ODI’s experts have been thinking about REDD. Leo Peskett seems very happy about it all. Peskett is not worried about financing REDD through the “global carbon markets”. He notes that some estimates state that up to US$13 billion could be available to fund REDD projects through carbon trading.
Peskett doesn’t seem concerned about the fact that carbon trading will not address climate change, since the trade in carbon credits means that the pollution continues somewhere else. Neither does he address the fact that carbon trade through REDD will allow continued emissions from fossil fuels, when the only way of stopping runaway climate change is to reduce emissions from fossil fuels, not to find new ways of allowing them to continue. Even on its own terms, creating a vast number of new carbon credits through REDD would be likely to flood the market, leading to a crash in the price.
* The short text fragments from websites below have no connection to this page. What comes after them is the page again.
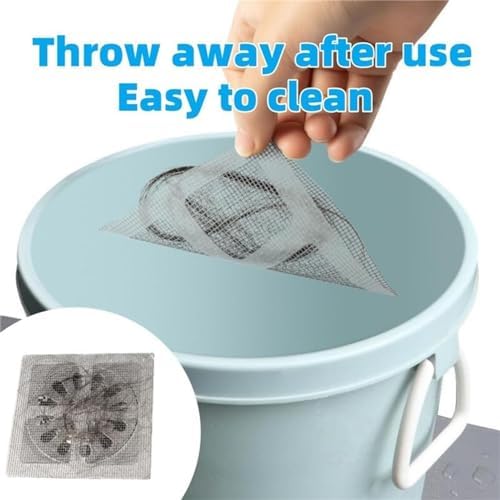 100Pcs Floor Drain Sticker with Hair Catcher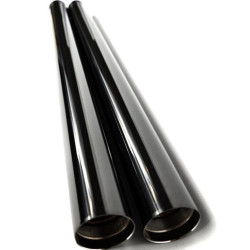 PartzBiz HD DLC-SP-02-GD-02 - DLC Performance Coated HD Tubes - Dyna (49 mm 27-1/2 (14-17 models), Aftermarket Suspension Kit, Gold)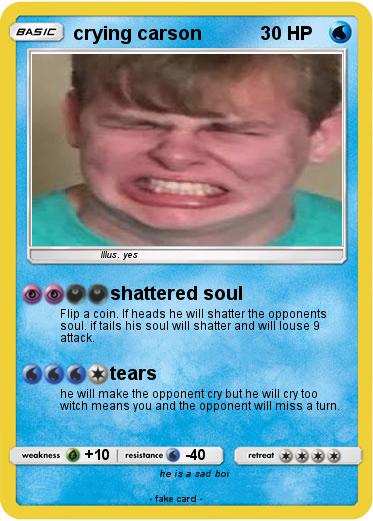 Pokemon crying carson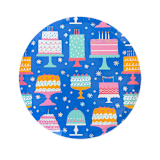 "It's A Birthday Cake Print Large Plates - Set of 8" - Party Plates and Bowls in multicolor by Jollity and Co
“Markets tend to seek out low risk scenarios,” says Peskett. This was in February 2008, when sub-prime loans, the credit crunch and the billions of dollars of bailouts were in full swing. The world’s financial system is melting down precisely because investors put other people’s money in extremely risky derivatives that they didn’t even understand themselves. The carbon market will be worse, because measuring carbon is almost impossible and there is no actual commodity that anyone can point to, at any point in the transaction.
To be fair, he raises some valid critiques of REDD – the risks that money flows will be taken by elites, for example, or that REDD just might help local communities achieve land rights. But if it is funded through the carbon trade, REDD will be a disaster.